If you ever have the opportunity to drive across America, take it. Our land is vast and beautiful and diverse beyond belief. For those interested, you can find my route here. Basically, I took I-80 past Salt Lake City, then cut north to pick up I-90 around Mt. Rushmore, then took I-90 to Chicago (detouring to take the scenic route through the Badlands—HIGHLY recommended), hopped back on I-80 and took that all the way into NYC.
Special thanks to The Hold Steady for making incredible open road music. Check out their new record, Heaven is Whenever, dropping tomorrow (May 4th).
How I Did It
To get unlimited time-lapse, I used CHDK (http://chdk.wikia.com), a free, incredibly powerful open source firmware alternative for Canon cameras developed and maintained by an amazing community of hacker photographers. For time-lapse, CHDK’s killer feature is scripting support. There are a variety of intervalometer scripts available, but I chose user Joatca’s LUA script for its stability and focus on power-saving.
Using CardTricks, a handy tool developed to automate the loading of CHDK onto an SD card, I loaded CHDK and the script onto a basic 4GB SD card (note, I chose 4GB because anything larger seemed to cause issues with formatting and disk management). At 2MP per image (plenty of resolution, in my opinion), you can get about 6000 images onto a 4GB card.
For my camera, I used a Canon Powershot SD780 IS. I also picked up a spare third-party battery and a power inverter to ensure available power.
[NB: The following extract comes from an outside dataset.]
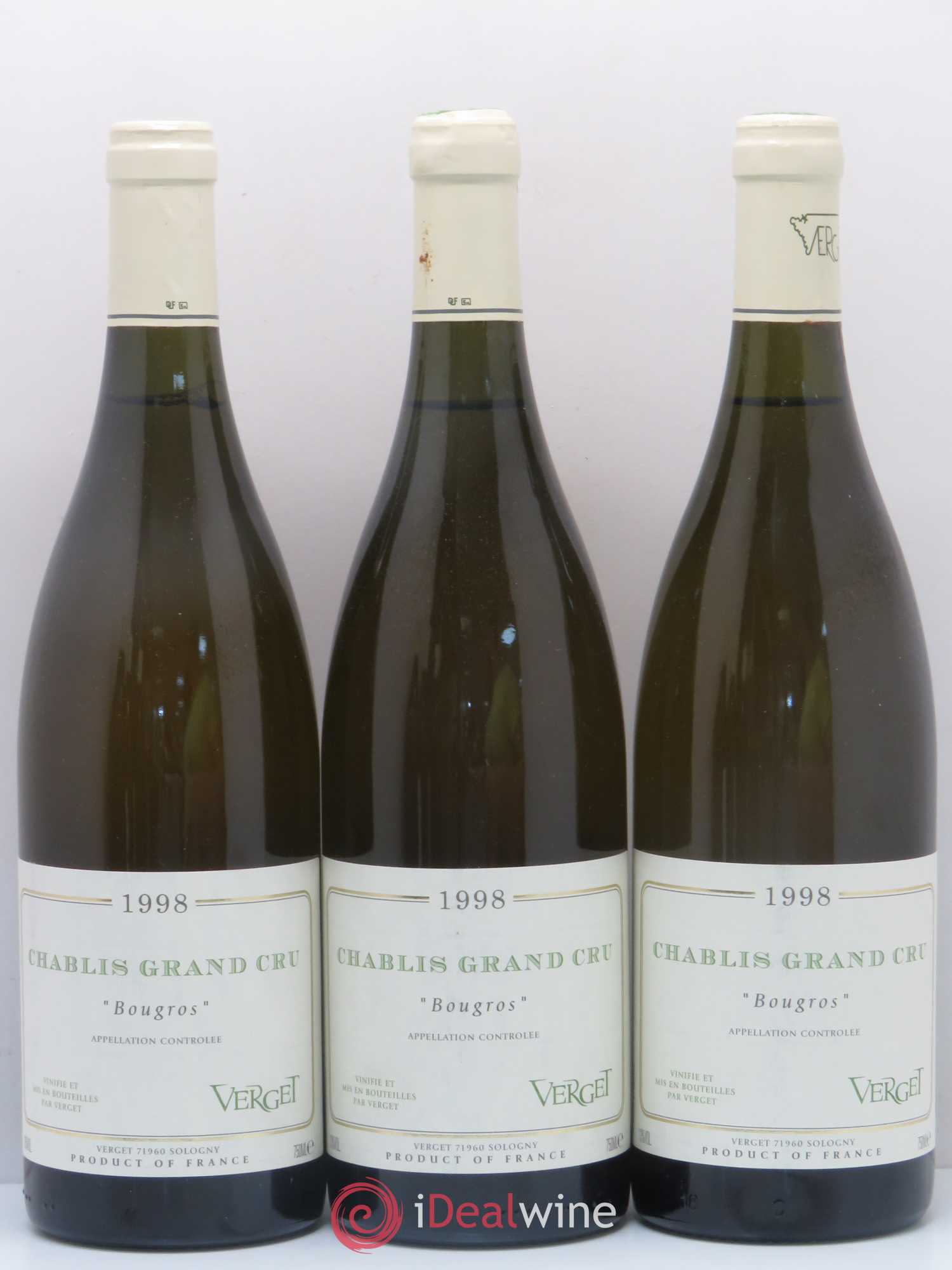 Chablis Grand Cru Bougros Domaine Verget 1998 - Posten von 6 Flaschen - 1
I attached camera to windshield with a window suction cup camera mount like you see in police cars (http://amzn.to/9EYcVt).
It took me a day to figure out what power consumption would be like (make sure you turn off the display and all autofocus lamps, etc.). Since I was driving alone, I wanted to shoot for each charge to last until the next refueling stop. While day 1 began with 40 second intervals, I settled on 30 second intervals for the rest of the trip (although in a few places, I played with shorter intervals to change up the tempo of the video).
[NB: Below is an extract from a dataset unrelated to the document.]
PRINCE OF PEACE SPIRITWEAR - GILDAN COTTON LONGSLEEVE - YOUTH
To compile the images, I used the “open image sequence” feature on Quicktime Pro. This feature is generally for creating movie slideshows, but is great for compiling time-lapse sets. Yes, you have to pay $30. Yes, there are free alternatives. But this was far and away the easiest solution. I then used iMovie to add in the titles, overlays and music.
How to Make a Great Cross-Country Time-lapse Video
- Bring a friend. Taking care of the camera was a serious job. Having a passenger who could dedicate themselves to the task would’ve been far more efficient
- Use a computer. Due to cost and time constraints, I didn’t set up a computer-attached camera, but I think it would’ve made my life easier. No worrying about filling up memory cards and on-the-fly adjustment of shooting intervals would’ve been great.
- Get a power cable. I didn’t have time to order (or the desire to pay for) Canon’s AC adapter set for the camera, but juice was my number one sticking point on this journey. Next time around, I’ll go for a continuous power flow.
- 10 second intervals, 45 frames per second. I played with a few different frame rates to find the smoothest playback, and ended up settling on 15 fps. After looking at the second half of my Badlands run (shot at 10 second intervals), I would’ve preferred the whole video be at that interval, with the frame rate sped up accordingly. I think it would’ve made for a smoother, more immersive experience.
And that’s it! Hope you enjoy the movie.
And FYI, the soundtrack is “The Weekenders” by The Hold Steady and “Stand Up” by The Prodigy.